*** Opening of DATASET RECORDS ***
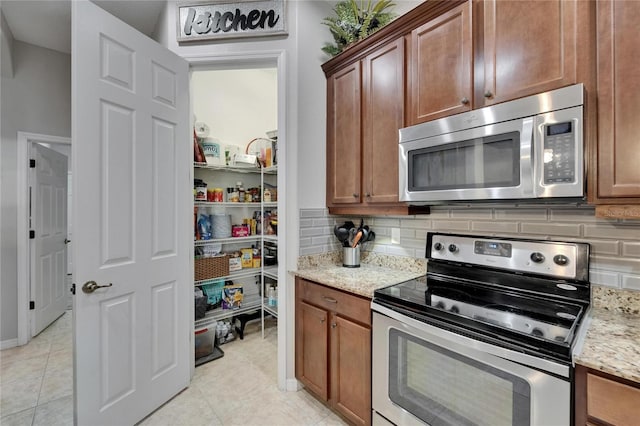 kitchen featuring backsplash, light tile patterned flooring, light stone counters, and stainless steel appliances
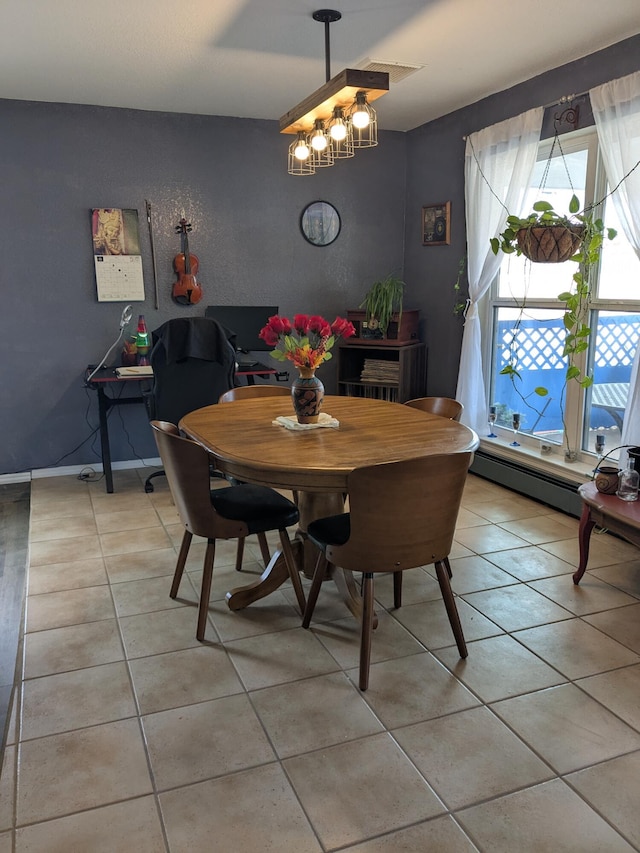 dining area featuring light tile patterned floors and baseboards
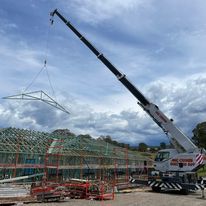 A large crane is lifting a metal structure on a construction site.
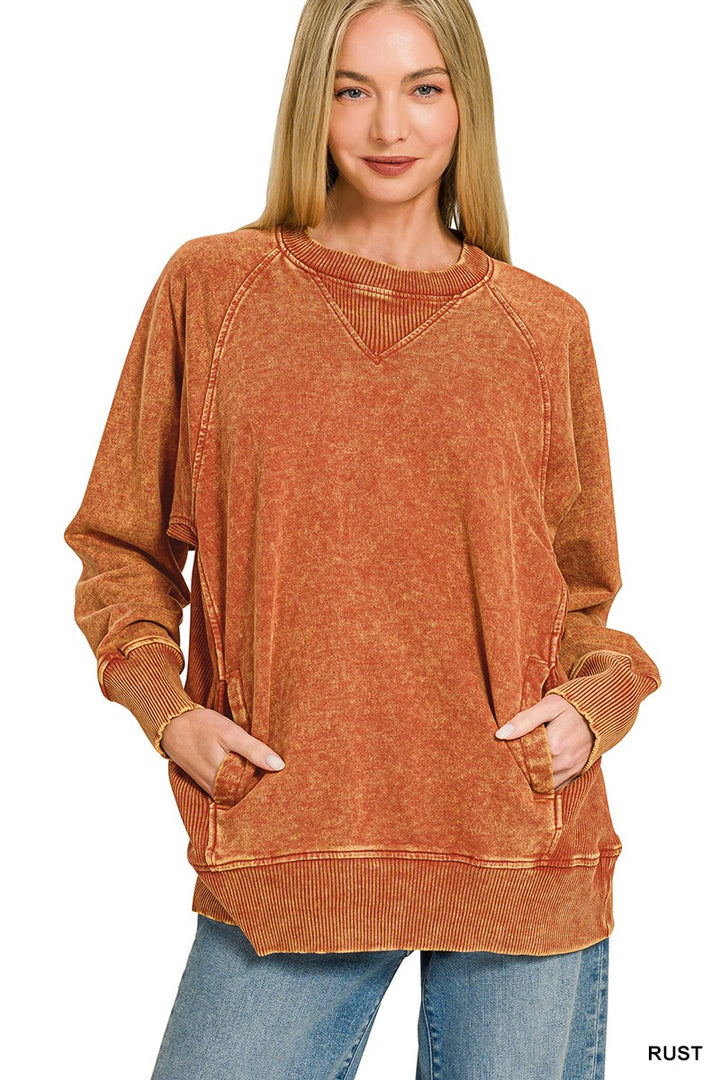 A person wearing a loose, long-sleeve rust-orange top against a plain light background.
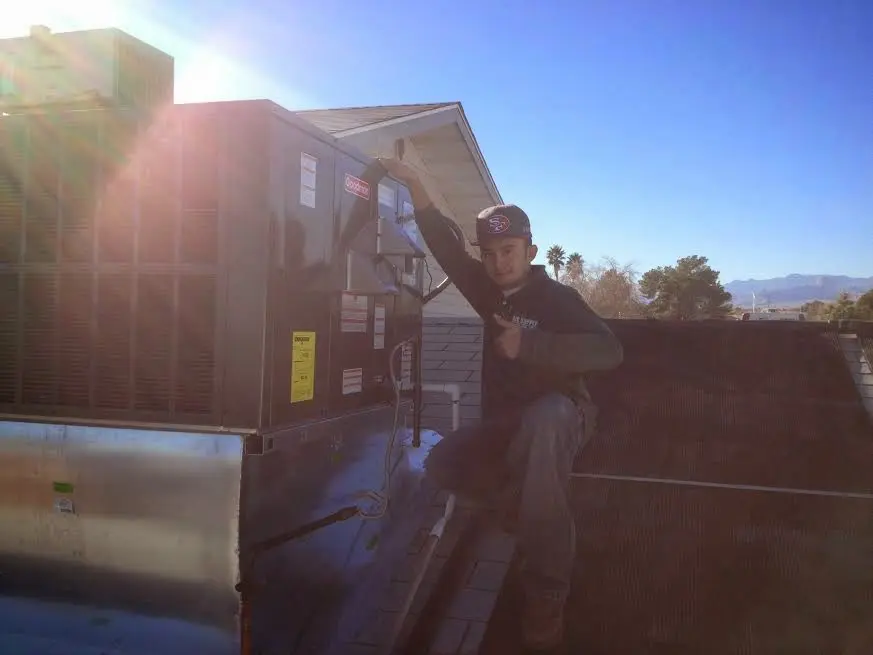 HVAC technician performing HVAC Inspection on a rooftop unit in Bainbridge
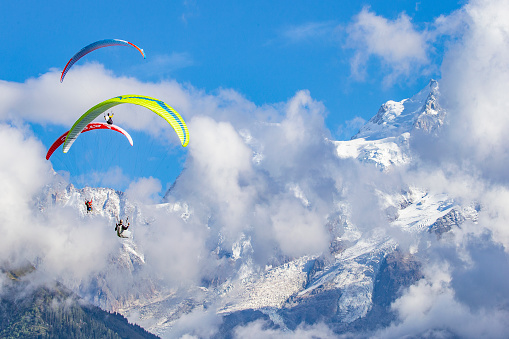 Mont Blanc, France - September 20, 2023: paraglider flying next to the tallest mountain in Alps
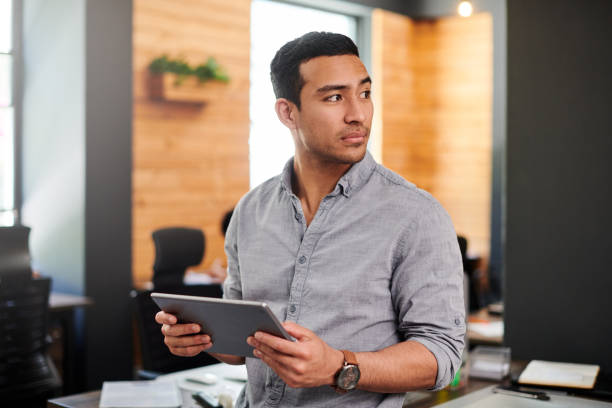 istock Shot of a young businessman using a digital tablet in a modern office 1326211241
*** Close of DATASET RECORDS ***
## AIM OF THE EXERCISE
Text only, please: give the listing again word for word with no images.

## FINISHED EXERCISE
 kitchen featuring backsplash, light tile patterned flooring, light stone counters, and stainless steel appliances
 dining area featuring light tile patterned floors and baseboards
 A large crane is lifting a metal structure on a construction site.
 A person wearing a loose, long-sleeve rust-orange top against a plain light background.
 HVAC technician performing HVAC Inspection on a rooftop unit in Bainbridge
 Mont Blanc, France - September 20, 2023: paraglider flying next to the tallest mountain in Alps
 istock Shot of a young businessman using a digital tablet in a modern office 1326211241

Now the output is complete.